Menurut al Qur’an,
peran manusia sebenarnya adalah sangat mulia, yaitu sebagai khalifah di
muka bumi. Kita mesti membayangkan bahwa peran seorang khalifah adalah sebagai
pengatur, pemimpin, pengelola atau manajer. Peran itu bukan sembarangan, dan
tidak diberikan ke sembarang makhluknya, kecuali kepada manusia.

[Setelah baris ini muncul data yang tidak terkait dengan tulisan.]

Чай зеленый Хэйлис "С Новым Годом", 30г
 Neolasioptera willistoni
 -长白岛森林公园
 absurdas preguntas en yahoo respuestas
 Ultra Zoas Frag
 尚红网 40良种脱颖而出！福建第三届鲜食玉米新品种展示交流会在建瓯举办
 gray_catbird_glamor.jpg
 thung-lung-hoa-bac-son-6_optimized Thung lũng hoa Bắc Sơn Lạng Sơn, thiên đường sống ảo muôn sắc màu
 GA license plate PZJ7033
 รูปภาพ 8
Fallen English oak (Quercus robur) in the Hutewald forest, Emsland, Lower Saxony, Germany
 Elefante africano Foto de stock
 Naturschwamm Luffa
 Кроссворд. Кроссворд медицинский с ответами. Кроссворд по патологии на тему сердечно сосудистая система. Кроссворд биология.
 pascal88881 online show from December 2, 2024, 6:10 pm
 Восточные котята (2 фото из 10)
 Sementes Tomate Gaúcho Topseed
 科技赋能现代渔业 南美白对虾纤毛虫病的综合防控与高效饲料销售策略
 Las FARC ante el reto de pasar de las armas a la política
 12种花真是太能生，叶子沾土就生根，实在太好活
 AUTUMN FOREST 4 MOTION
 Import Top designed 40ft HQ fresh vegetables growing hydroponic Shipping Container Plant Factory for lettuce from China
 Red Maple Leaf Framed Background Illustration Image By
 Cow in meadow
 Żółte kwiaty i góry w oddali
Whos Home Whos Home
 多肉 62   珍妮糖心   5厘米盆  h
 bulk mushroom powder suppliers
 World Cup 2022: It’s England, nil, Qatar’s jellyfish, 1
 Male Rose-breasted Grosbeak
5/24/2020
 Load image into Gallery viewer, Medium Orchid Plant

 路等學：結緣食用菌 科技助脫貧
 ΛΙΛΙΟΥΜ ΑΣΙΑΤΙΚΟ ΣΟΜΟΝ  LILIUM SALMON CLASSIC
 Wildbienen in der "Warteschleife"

Sebagai bekal menjalankan peran itu manusia dilengkapi
dengan piranti lebih dibanding makhluk lainnya. Manusia dilengkapi dengan
akal, qalb, nafsu, selain juga
bentuk tubuh yang sedemikian indah.
Berbekalkan akalnya, manusia
diharapkan bisa berpikir jernih, mampu melihat dan memahami dirinya sendiri,
dan alam semesta.
Selain itu dengan hatinya, maka manusia diharapkan bisa
membedakan antara yang baik dan yang buruk, sesuatu yang benar dan yang
salah, tentang keindahan, kejujuran,
keadilan, kearifan, dan lain-lain. Orang yang hatinya baik, maka akan
mampu memilih sesuatu yang baik dan indah. Begitu sebaliknya, orang yang
hatinya sedang sakit, maka apa saja dianggap buruk. Itulah sebabnya hati
diumpamakan sebagai kaca. Kaca yang buruk akan memantulkan gambar yang tidak
jelas..
Manusia juga dikaruniai nafsu atau keinginan, baik nafsu
berbuat negatif maupun nafsu berbuat
positif. Dua jenis nafsu itu ada pada diri semua orang. Dikatakan bahwa, setiap orang harus mampu mengendalikan nafsu
yang ada pada dirinya. Orang yang tidak mampu mengendalikan nafsu negatif, maka
yang bersangkutan akan kehilangan sifat-sifat kemanusiaannya.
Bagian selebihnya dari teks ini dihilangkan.